Była osobista pielęgniarka libijskiego przywódcy Muammara Kadafiego, Hałyna Kołotnycka, najwyraźniej nie dostała azylu w Norwegii. Norweski dziennik "VG" podał w swym wydaniu internetowym, że pomimo tego kobieta wciąż pozostaje w tym kraju.
38-letnia Ukrainka, która w lutym opuściła Libię i wyjechała do swojej ojczyzny, według doniesień mediów przyjechała do Norwegii w ubiegłym tygodniu. Według tabloidu "Verdens Gang", znanego w Norwegii jako "VG", Kołotnycka przeprowadziła po przyjeździe rozmowę z przedstawicielami policji imigracyjnej, w której poinformowała, że pracowała dla Kadafiego; wystąpiła też o azyl.

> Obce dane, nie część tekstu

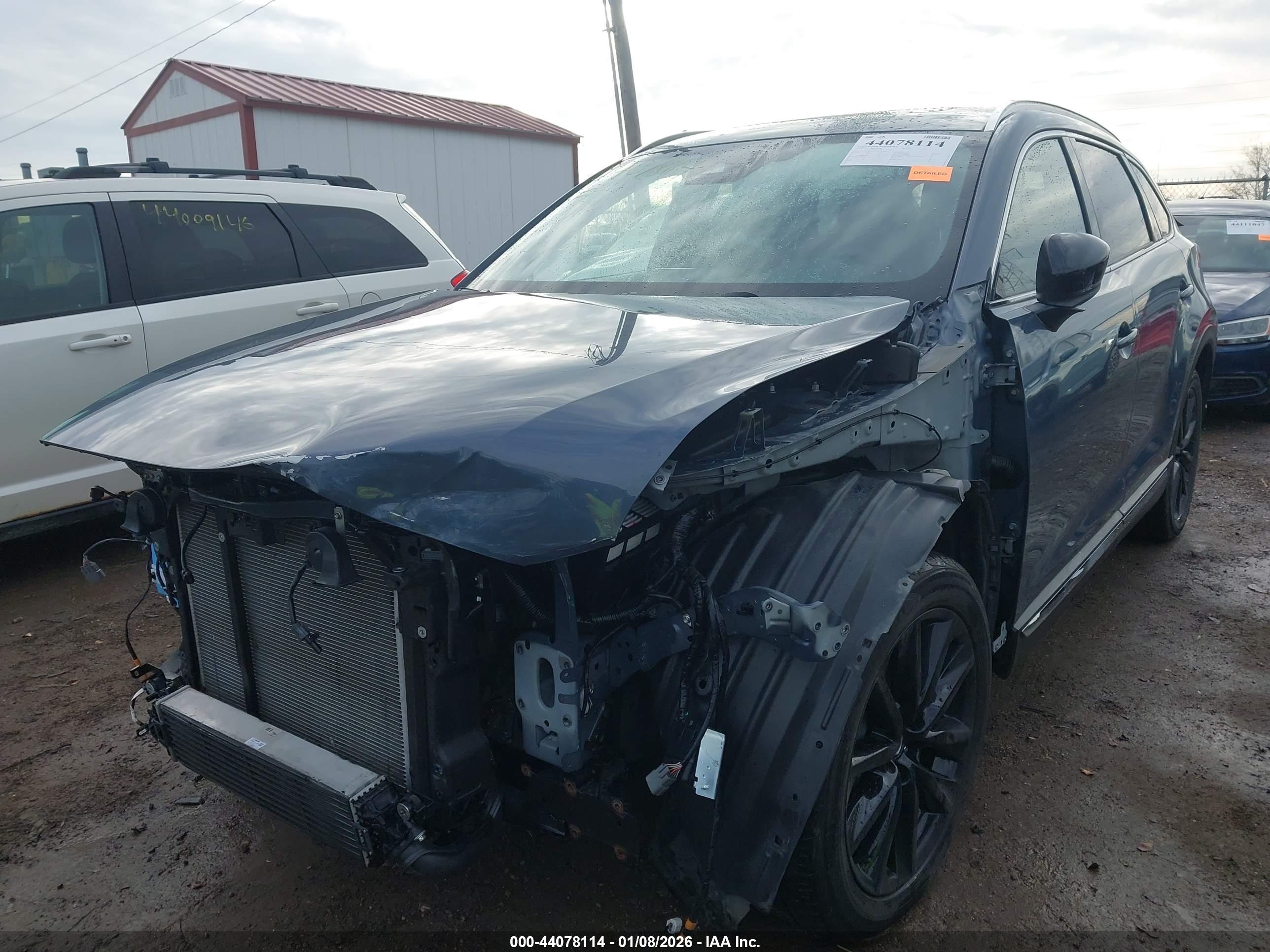 MAZDA CX-9 image 2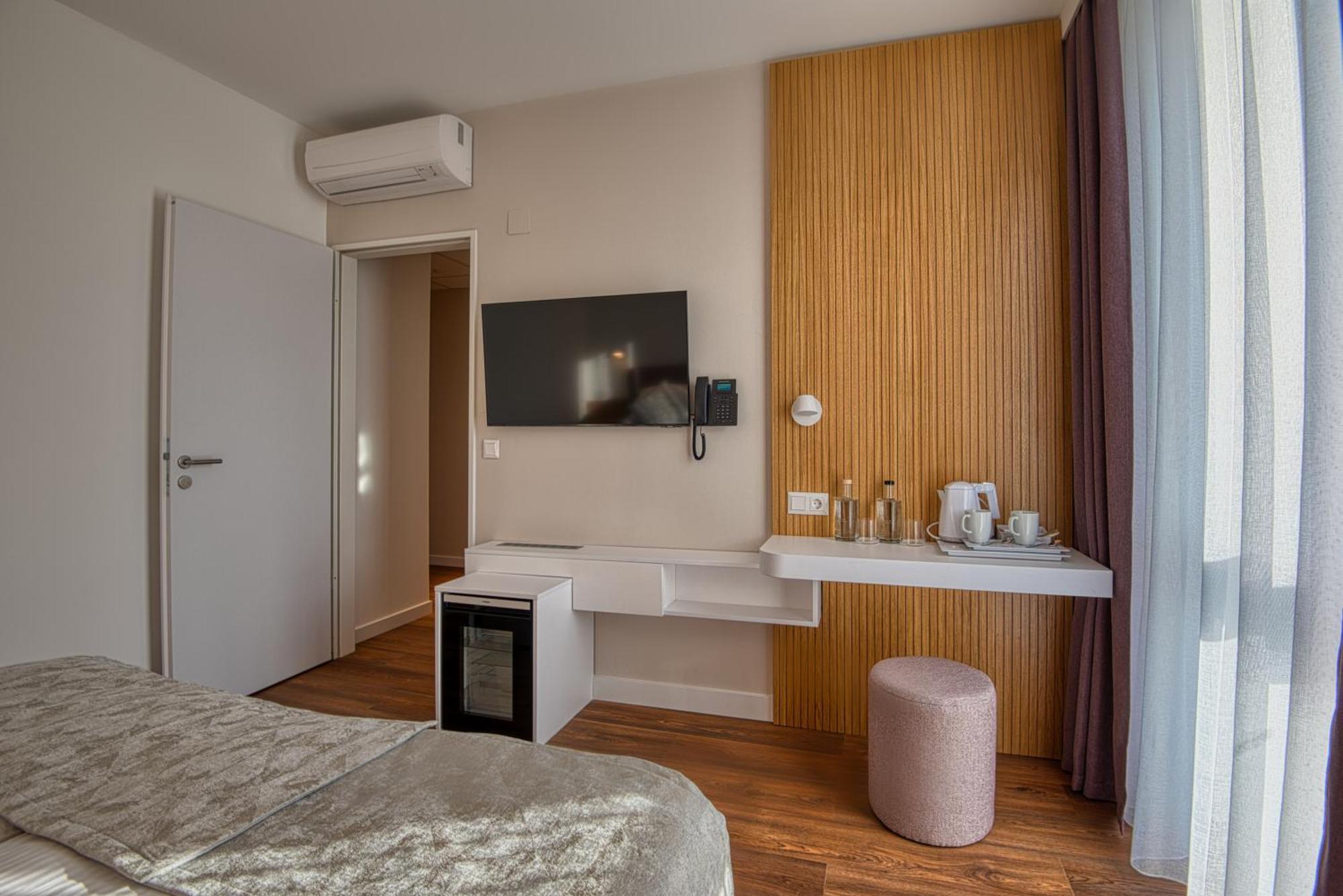 דובוגוקו Cardoner Hotel Es Konferenciakoezpont מראה חיצוני תמונה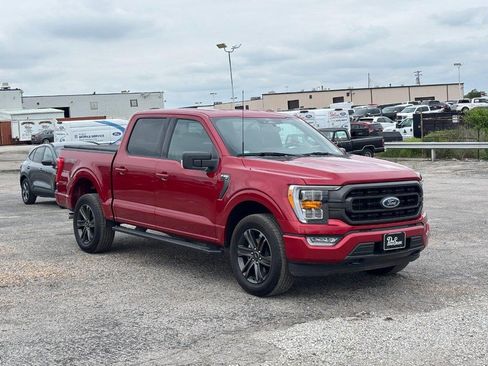 Used 2022 Ford F150 XLT w/ Equipment Group 302A High AWD/4WD image 4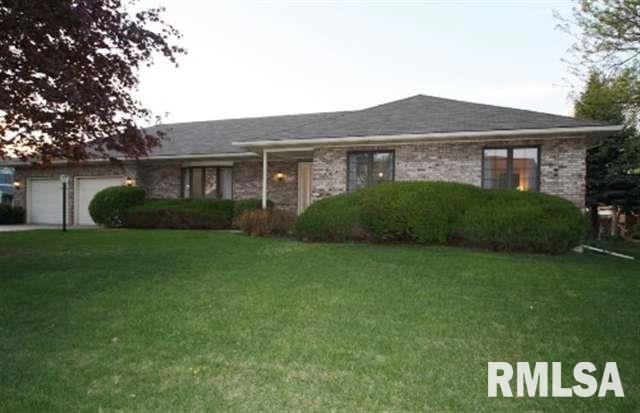 2116 W 43rd St, Davenport, IA 52806 - photo 1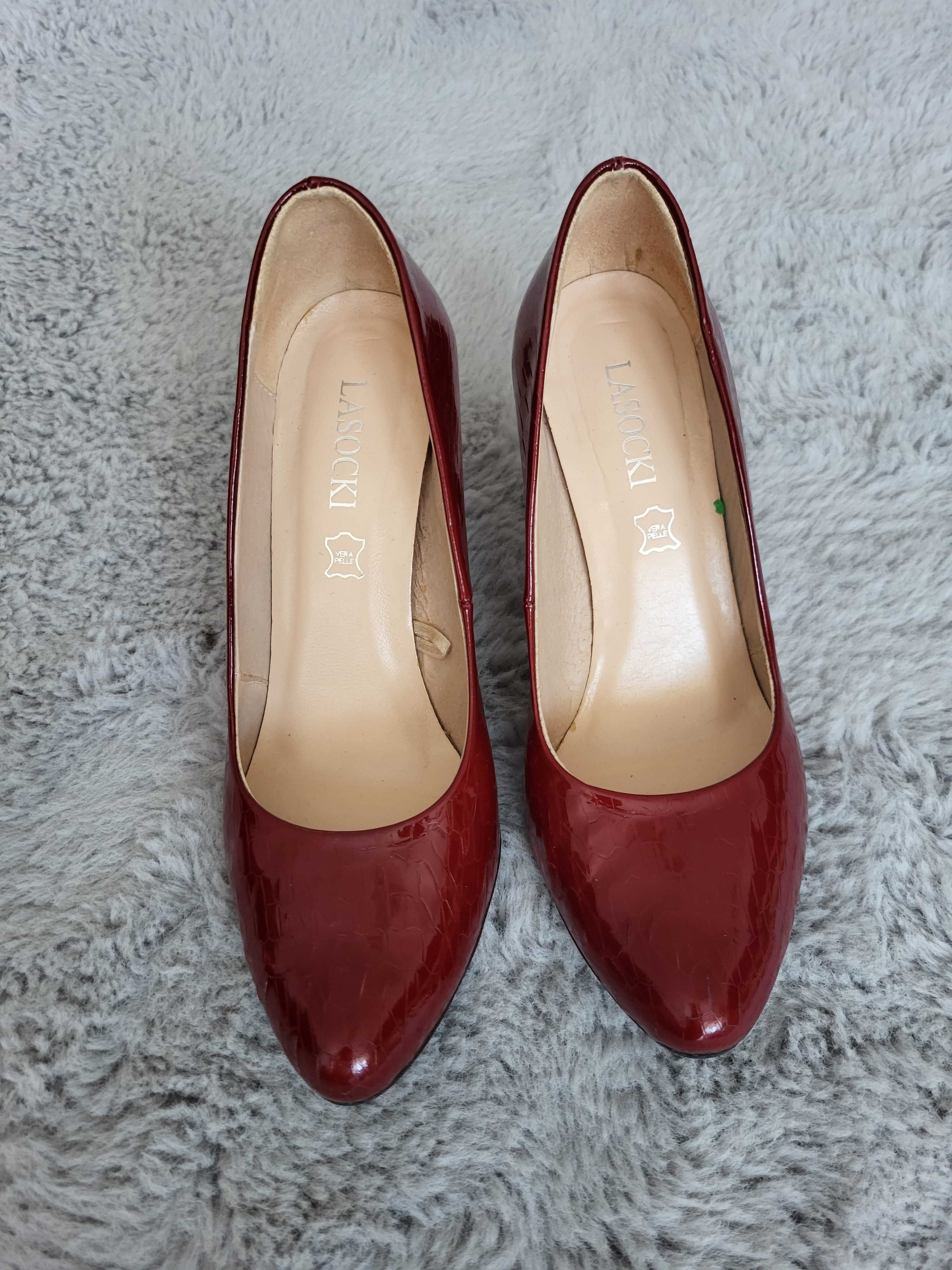 Buty na obcasie czerwone Lasocki r 36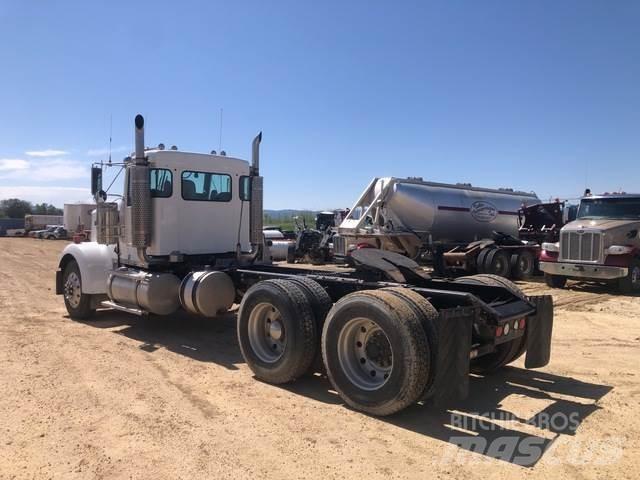 Kenworth W900L Conventional Trucks / Tractor Trucks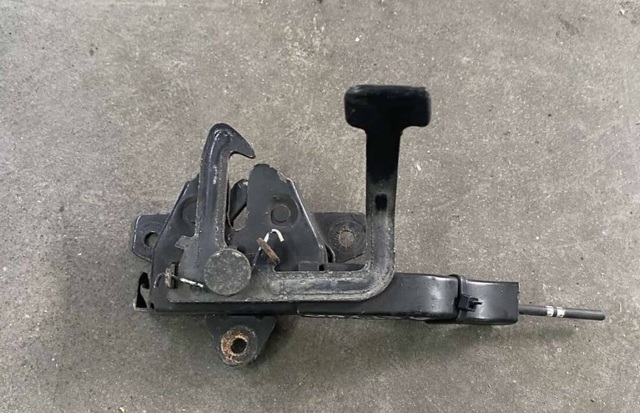 7111031001 SSANG YONG Замок капота купить в Кривой Рог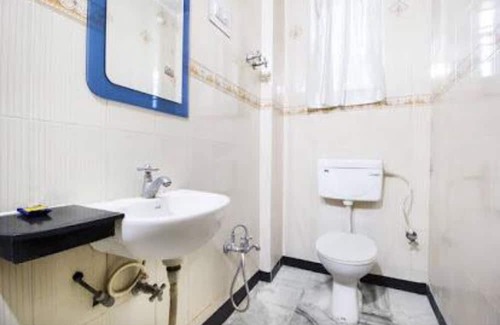 Patna Hotel | Goroomgo R.P. International Patna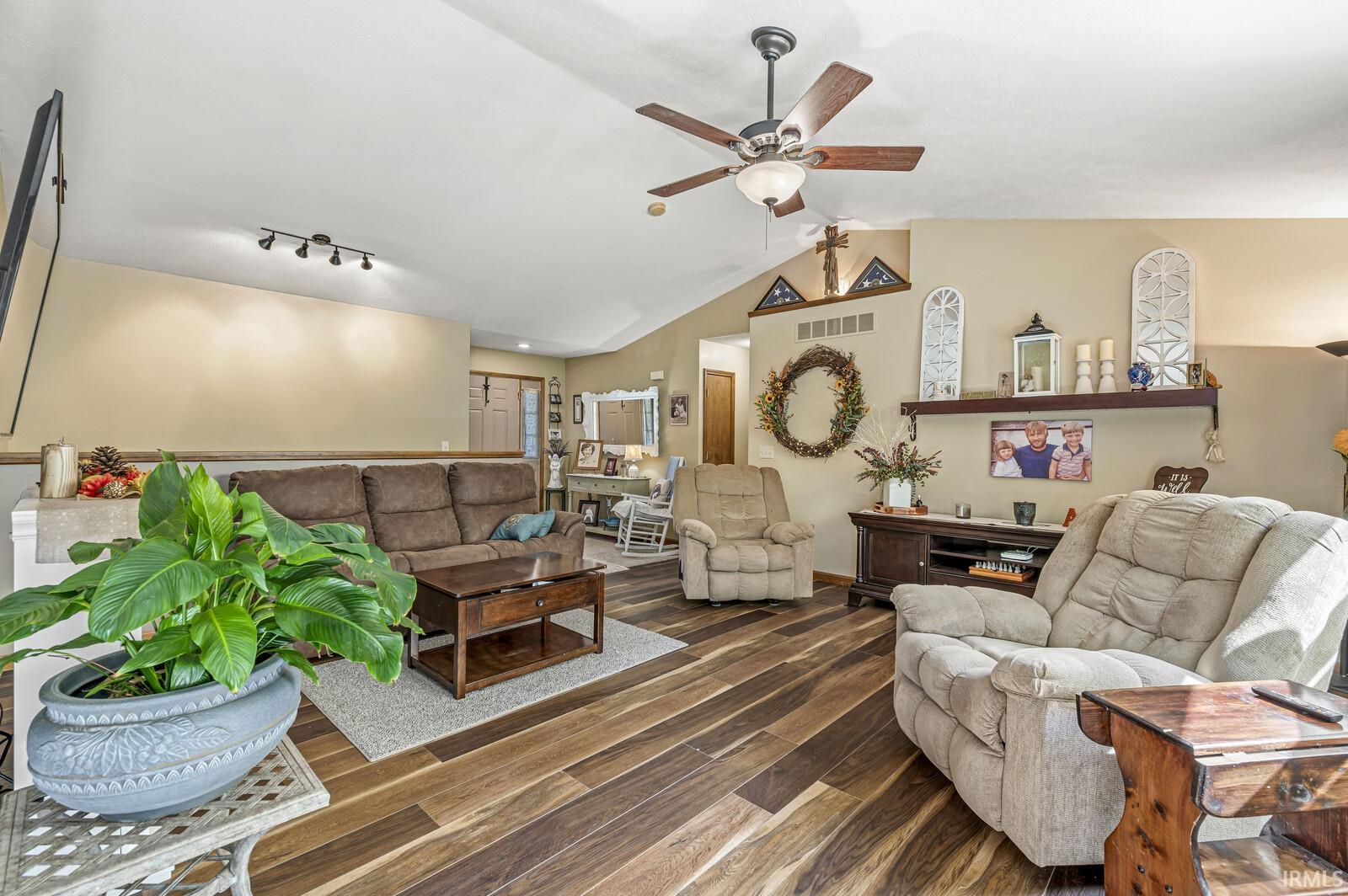 30336 Wynd Tree Boulevard Elkhart IN 46516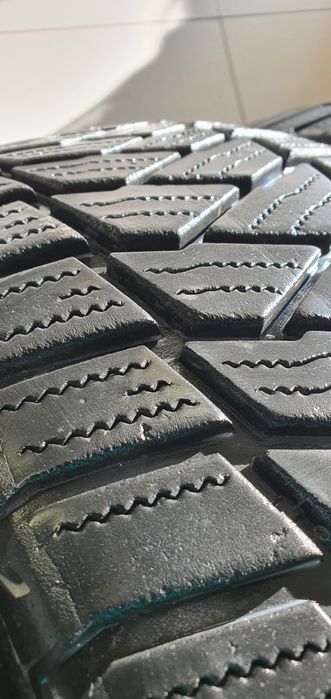 225/55/17C Bridgestone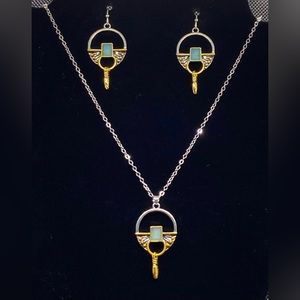 Beautiful chain and earrings sets at a great price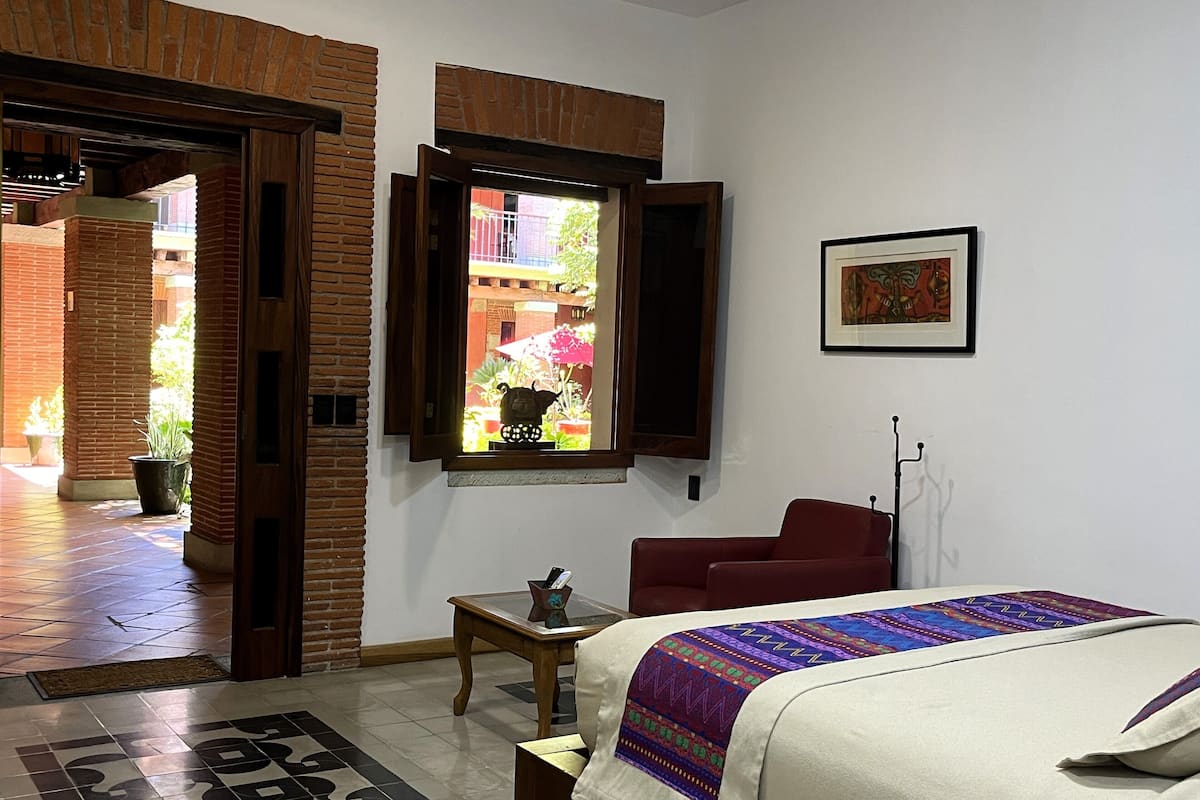 1 bedroom, premium bedding, minibar, in-room safe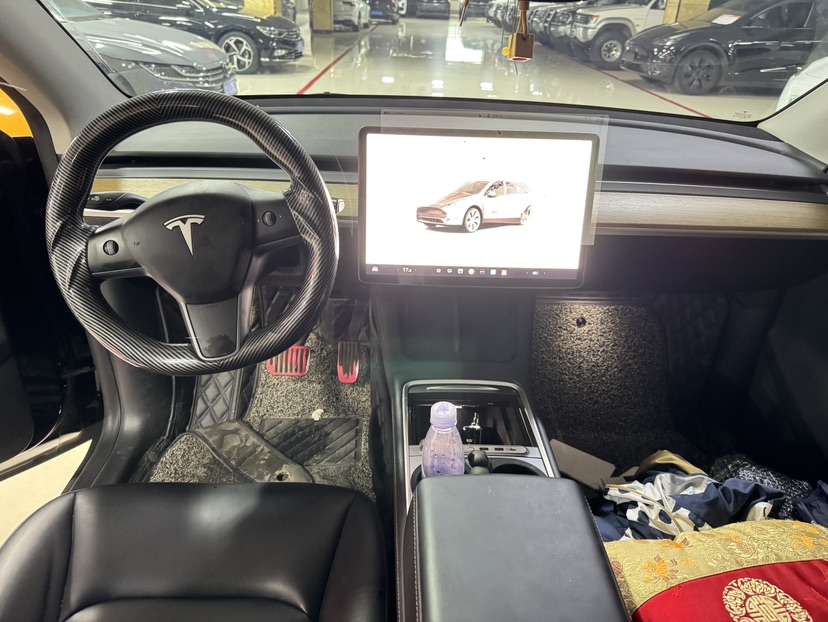 Tesla Model Y 2022 car image #8
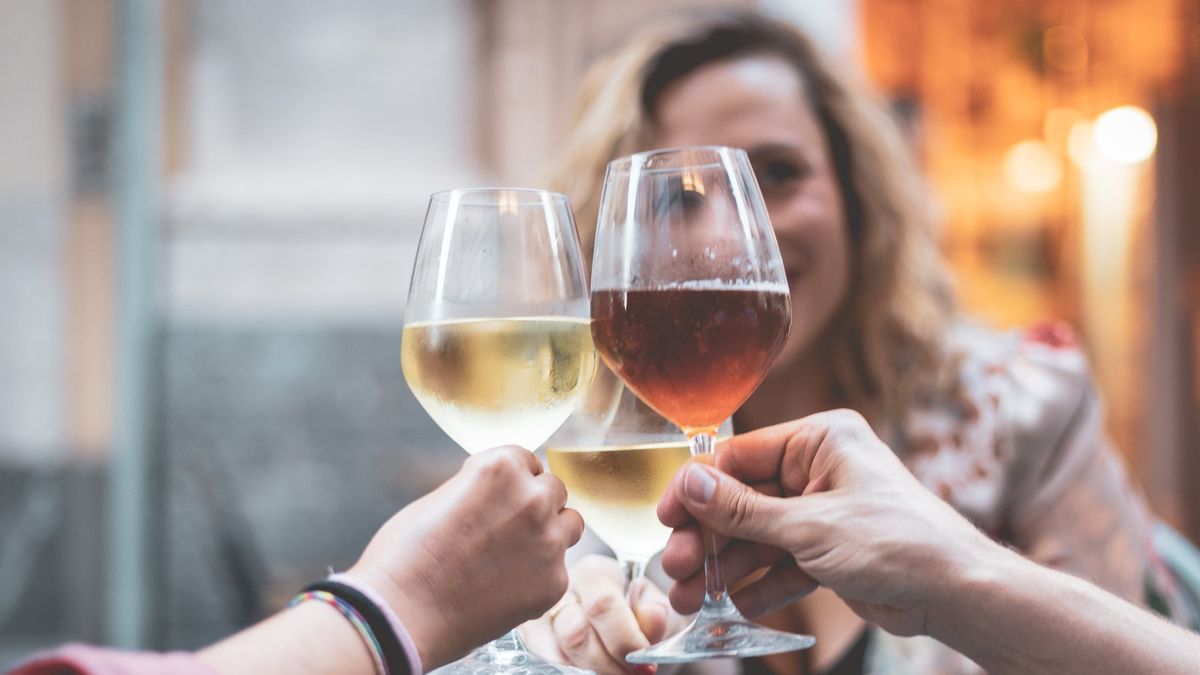 WHO: kobiety w wieku rozrodczym nie powinny pić alkoholu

Dziennik pisze, że należąca do najbliższego kręgu zaufanych ludzi Kadafiego Kołotnycka może uzyskać specjalne zezwolenie ministerstwa sprawiedliwości Norwegii na dalszy pobyt w kraju. Może ona bowiem dysponować ważnymi informacjami o libijskim przywódcy, który usiłuje stłumić trwające w kraju powstanie, wspomagane przez bombardowania NATO. Informacje te mogą być interesujące dla zachodnich wywiadów i dlatego Kołotnycka może być w związku z tym przesłuchana przez norweskie służby specjalne.
Należąca do NATO Norwegia uczestniczy w operacji, której celem jest wymuszenie przestrzegania ustanowionej przez ONZ strefy zakazu lotów nad Libią oraz ochrona ludności cywilnej tego kraju.